Considering this windfall of time — seven hours a week, if you round up — we should be a city of very fit and well-read people who play several instruments and live in immaculate homes. OK, so that didn’t quite happen.


But some of the benefits have been profound. People who once left home early and returned late are now spending significant time with children or elderly parents. They’re exploring new interests, or coming up with marketing plans for their businesses.

Some of the changes, admittedly, are so tiny it’s sad to realize the degree to which commuting has lowered our expectations.

“I’ve got time to throw in laundry!” said Steve Passariello, a sales executive who used to spend 10 hours a week in round-trip commuting, from East Boston to Wakefield, a drive that would leave him “amped up” when he returned home at the end of the day.

“I was always so anxious,” he said. “Even on days you leave early, you catch an accident, or you catch construction.”

The traffic nightmare was confirmed by a Globe Spotlight report last November, which found that the metropolitan region has 300,000 more cars and trucks than it did five years ago (and things weren’t so great back then, either).

Alas, the time saved on driving and riding the T is not pure gain, as the pandemic has unleashed new time-consuming and stressful chores.

In the beginning we were washing and quarantining groceries and the mail. That’s mainly over, but parents are now working second jobs as day-care providers, teachers, zoom monitors, and cafeteria ladies. Late-night doomscrolling to stay abreast of breaking bad news is also claiming untold hours.


But the fortunate have been able to use this big pause to claw back a part of their lives.

“We can go in the back yard with the kids,” said Damain Allen, a corporate purchasing manager. “We never really had time before.”

Allen used to spend three hours round-trip daily commuting from Everett into Boston. His journey involved dropping his son off at day care, driving his wife to her job in Assembly Row, parking, and taking the Orange Line from there. Sometimes the T was so crowded he had to take it outbound so he could get a spot in an inbound car.

Evenings were spent hustling to get it all done so he could start over again the next day.

At first it took a little while to “strip away the rat race” and get used to a slower pace and intense togetherness, Allen said.

But now that he and his wife have seen what life can be like when hours aren’t spent in the car or on the T — when a child’s checkup doesn’t mean one parent has to take a half a day off from work — they’re determined to increase the number of days they work from home when life eventually returns to normal.

“It’s been eye-opening,” Allen said.

With some workers already back in the office, and life resuming to some degree, traffic is already rising toward pre-pandemic levels, according to a report from the Massachusetts Department of Transportation.


Despite declarations of “I can’t go back to that life!” many will have to do just that, albeit perhaps fewer days a week if they’re allowed to work from home.

Passariello, the sales executive, was recently called back to his office.
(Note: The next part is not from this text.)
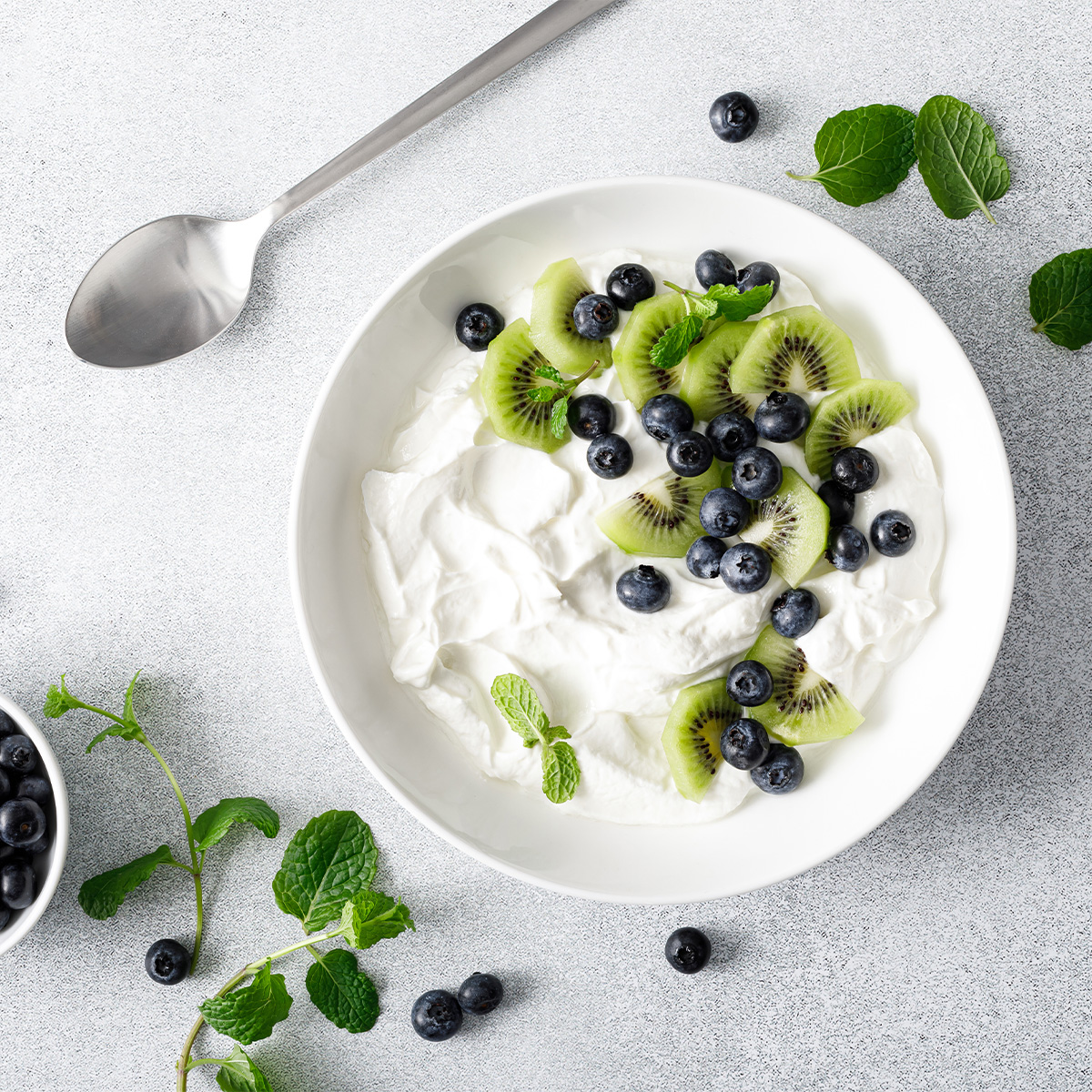 Lactose free yogurt with blueberries and kiwi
He’s trying to appreciate this period before traffic returns to pre-pandemic levels.

His commute is down to 25 minutes — “with a stop at the store,” he said, giddy.

And yet, lack of traffic makes Passariello a little sad, too: “You wonder what happened to all those people,” he said of the missing motorists. “A lot lost their jobs.”

That’s traffic in Boston for you. It’s bad if we have it, bad if we don’t.